In the previous chapter, we formalized sequential decision-making problems using Markov Decision Processes (MDPs). We defined states, actions, rewards, and the goal of maximizing cumulative future rewards (return). A central idea was the concept of value functions, which quantify how good it is for an agent to be in a particular state ($V^{\pi}(s)$) or to take a specific action in a state ($Q^{\pi}(s,a)$) while following a policy $\pi$.

This chapter focuses on methods for calculating these value functions. We will introduce the Bellman equations, which express the value of a state or state-action pair in terms of the expected values of successor states. These equations form the basis for many RL algorithms.
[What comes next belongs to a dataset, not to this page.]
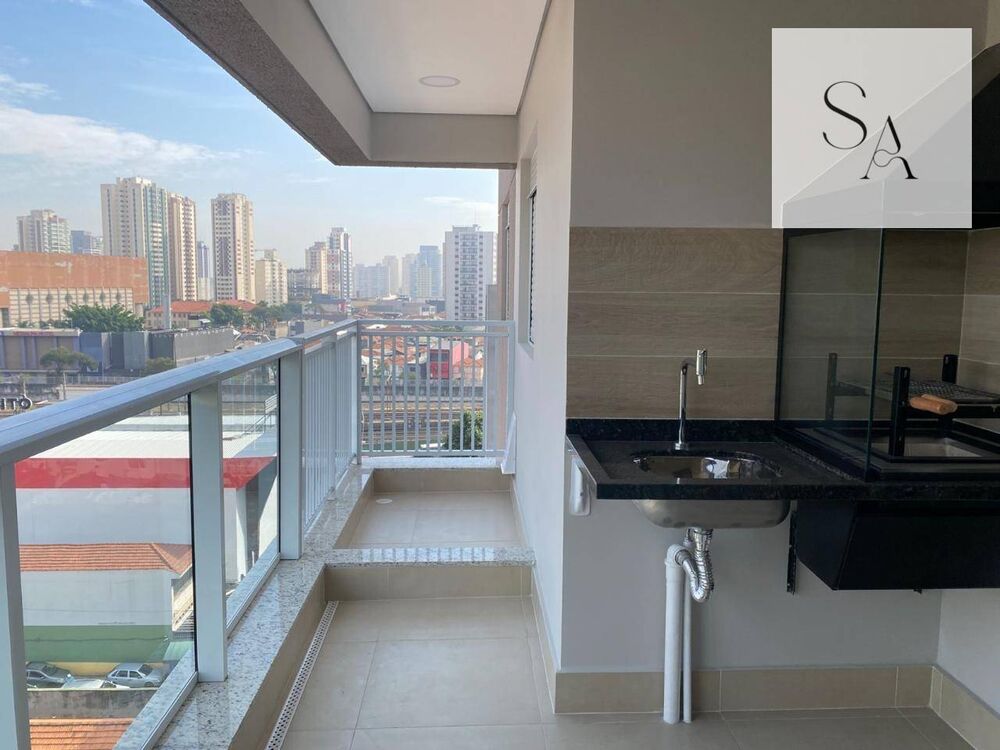 Apartamento, 2 quartos, 67 m² - Foto 1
Specifically, you will learn about:

• The Bellman expectation equation, which relates the value function of a policy $\pi$ to itself recursively.
• The Bellman optimality equation, which defines the value function for the optimal policy $\pi^*$.
• Dynamic Programming (DP) methods, specifically Policy Iteration and Value Iteration, which can compute optimal policies and value functions given a complete model of the environment (the MDP).
• The limitations of DP, particularly its reliance on a known model, motivating the model-free methods discussed in later chapters.

By the end of this chapter, you will understand how to theoretically compute optimal value functions and policies when the environment's dynamics are fully known.